What Is Shaking Puppy Syndrome?
By Katy Nelson, DVM
Many things can cause your puppy to shiver or tremble. It could be excitement that you’re home, or it could be from ingesting a toxin. But what if it is due to something that your puppy was born with? Is treatment possible, and will he recover?
What Is Shaking Puppy Syndrome?
Shaking puppy syndrome, or hypomyelination, affects a young dog’s central or peripheral nervous system and involves the entire body. Myelin is the fatty protective sheath that covers every nerve in the body. When this protective sheath is too thin, as in hypomyelination, the electrical impulses can get lost between nerves and cause the nerves and corresponding muscles to malfunction.

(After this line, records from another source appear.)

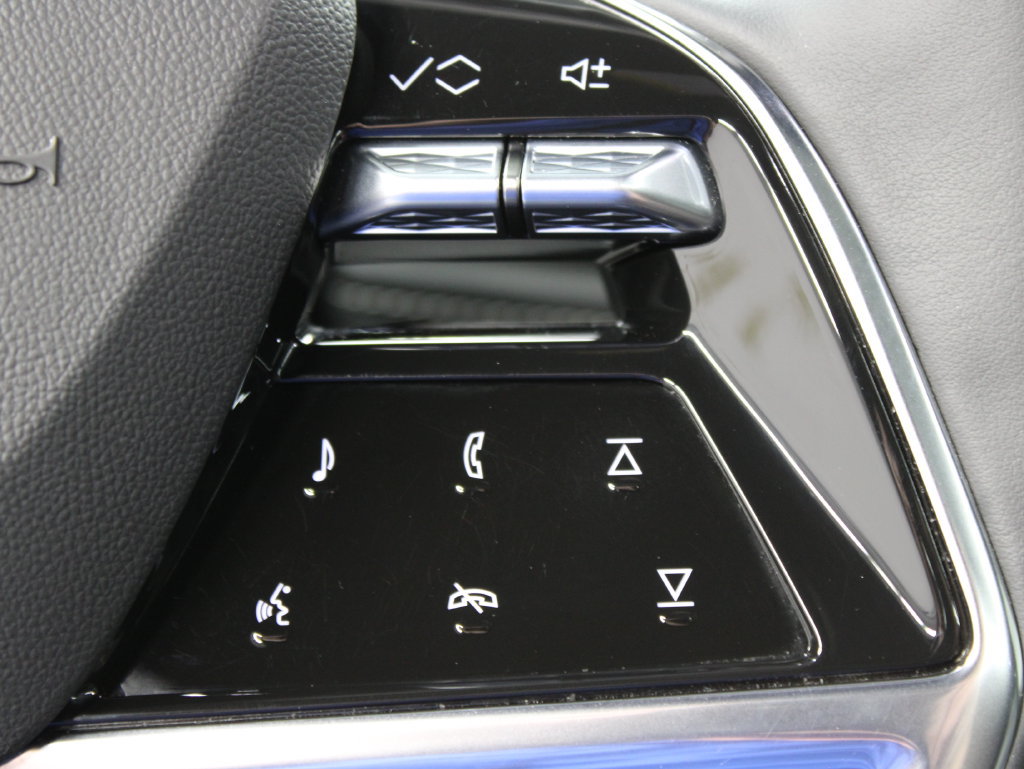 Used 2026 Cadillac Escalade ESV Sport AWD/4WD image 71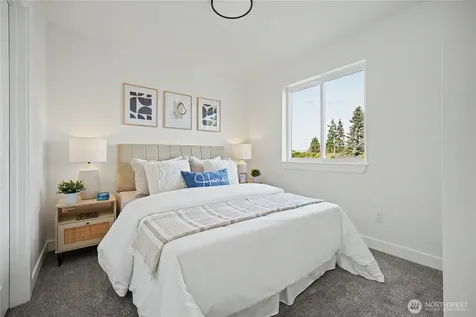 5610 Rockefeller Avenue Everett WA 98203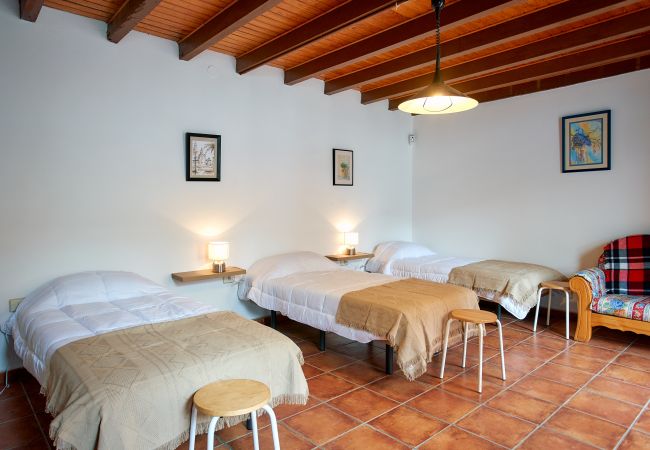 Casa en Vega de San Mateo - Canarian Rural 4BR Home with Terrace - Views - BBQ Casa en Vega de San Mateo - Canarian Rural 4BR Home with Terrace - Views - BBQ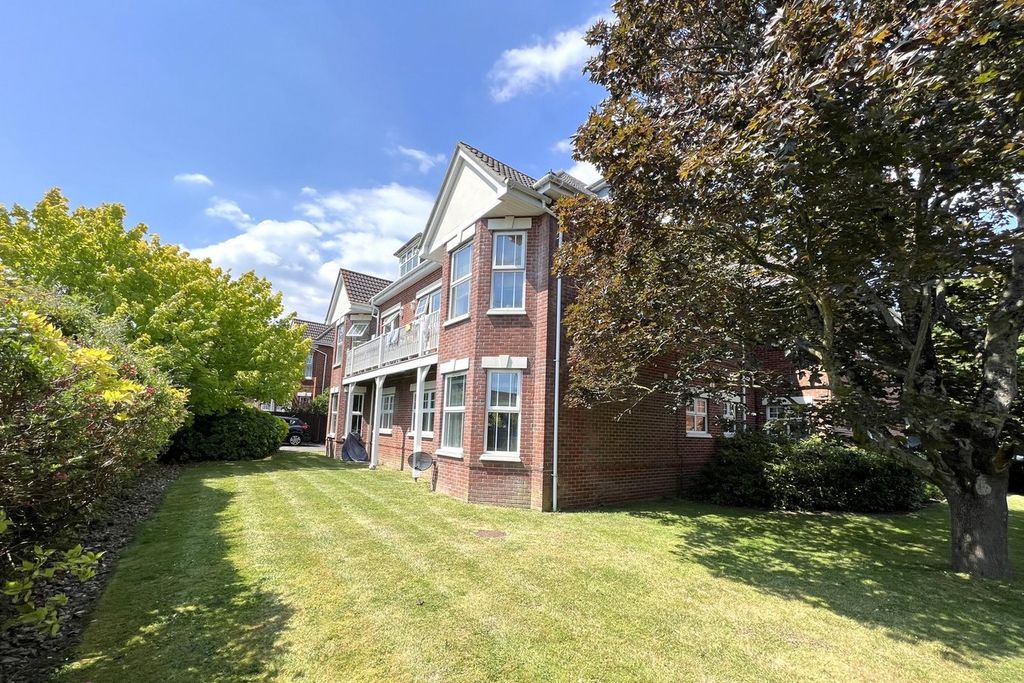 Property photo 2 of 13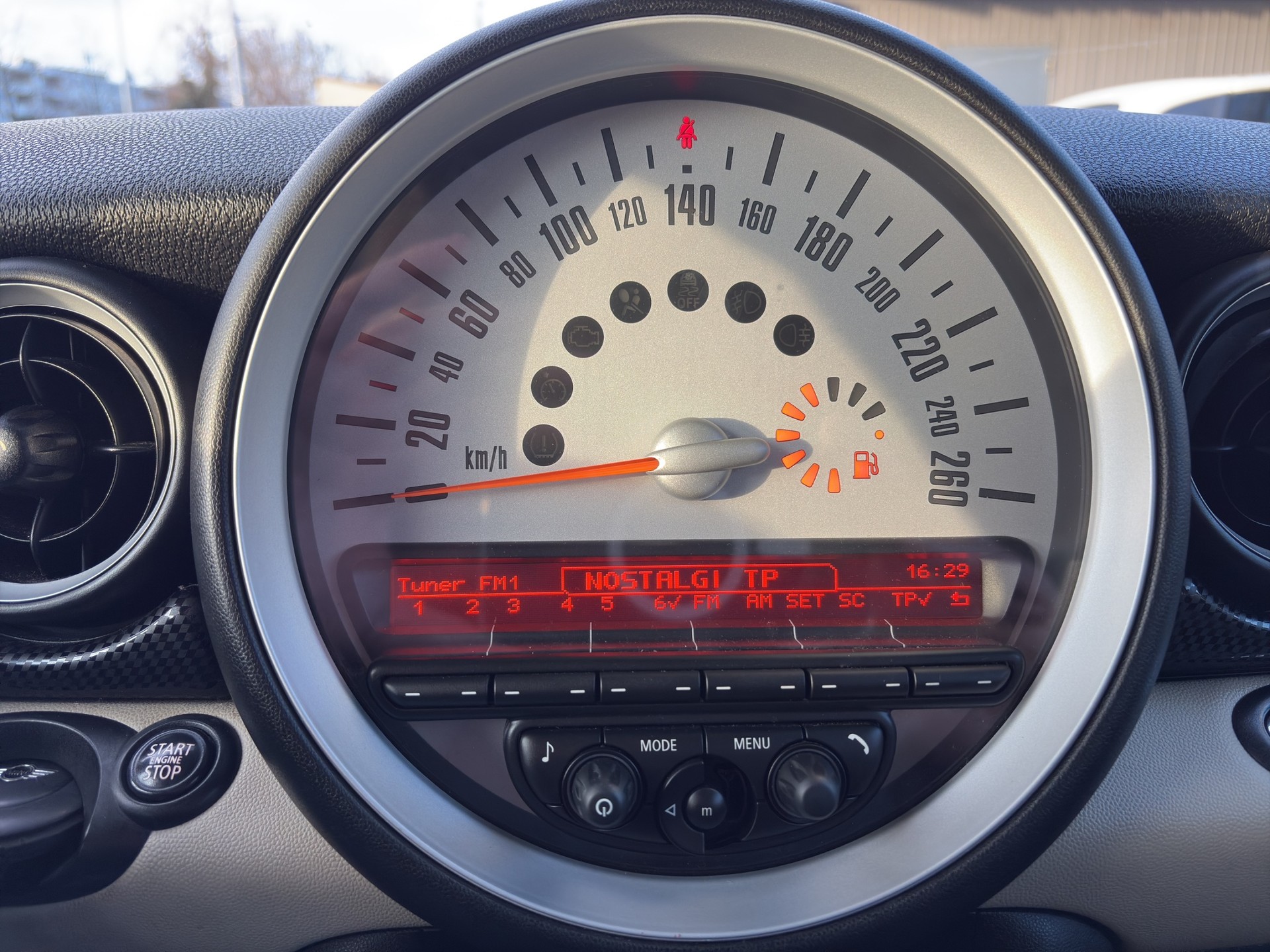 MINI Mini Cooper S-image-13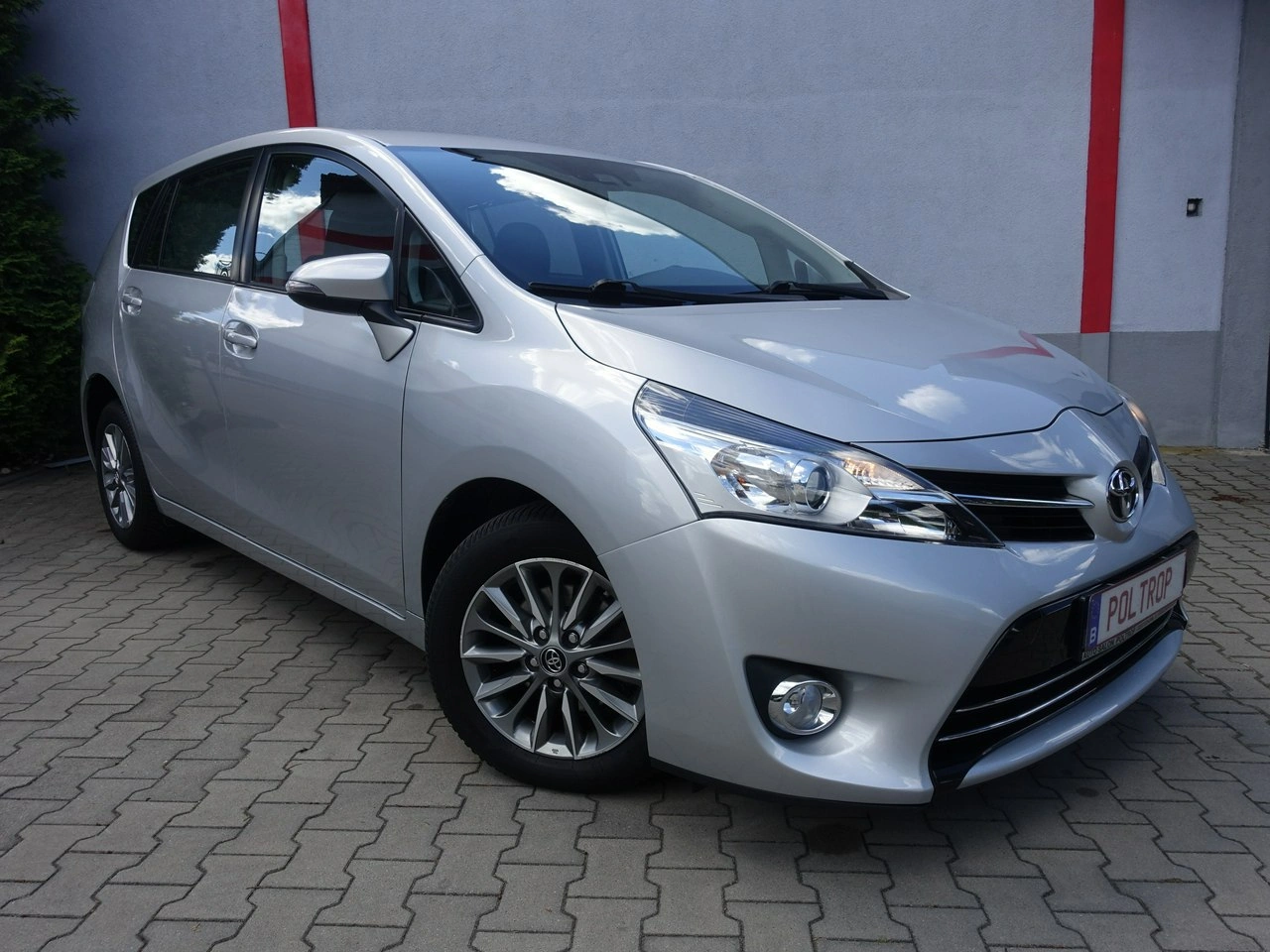 Toyota Verso - Zdjęcie 1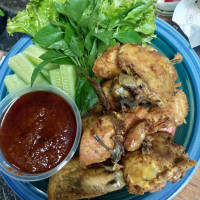 Ayam Tulang Lunak Ibu Yanti food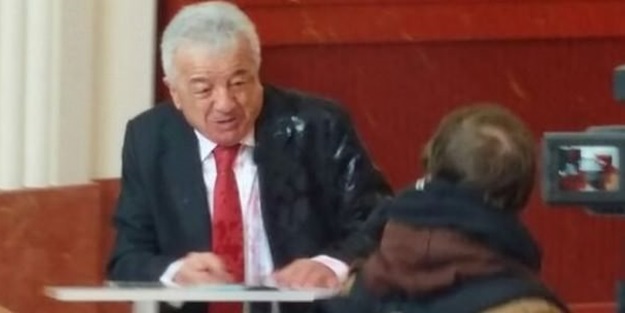 Paris Büyükelçisi Akil'e alçak saldırı!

Symptoms of Shaking Puppy Syndrome
In shaking puppy syndrome, tremors begin shortly after birth, with symptoms beginning as early as 2 weeks of age. Besides shaking, the puppy may have difficulty walking, issues with balance and coordination, and their legs may appear more wide-based than normal in an attempt to stabilize themselves. Excitement can make the tremoring more violent, and puppies tend to shake more while eating, with tremors subsiding while resting. Mentally, the puppies seem to appear fine.
Causes of Hypomyelination
Hypomyelination is hereditary, and certain breeds are predisposed to developing the condition. Most common are the Springer Spaniel, Australian Silky Terrier, Weimeraner, Golden Retriever, Catahoula Cur, Dalmatian, Chow Chow, Welsh Springer Spaniel, Vizsla, Samoyed, and Bernese Mountain Dog. Other breeds and mixed breeds can also suffer from the disorder, and male dogs are more prone to develop shaking puppy syndrome than females.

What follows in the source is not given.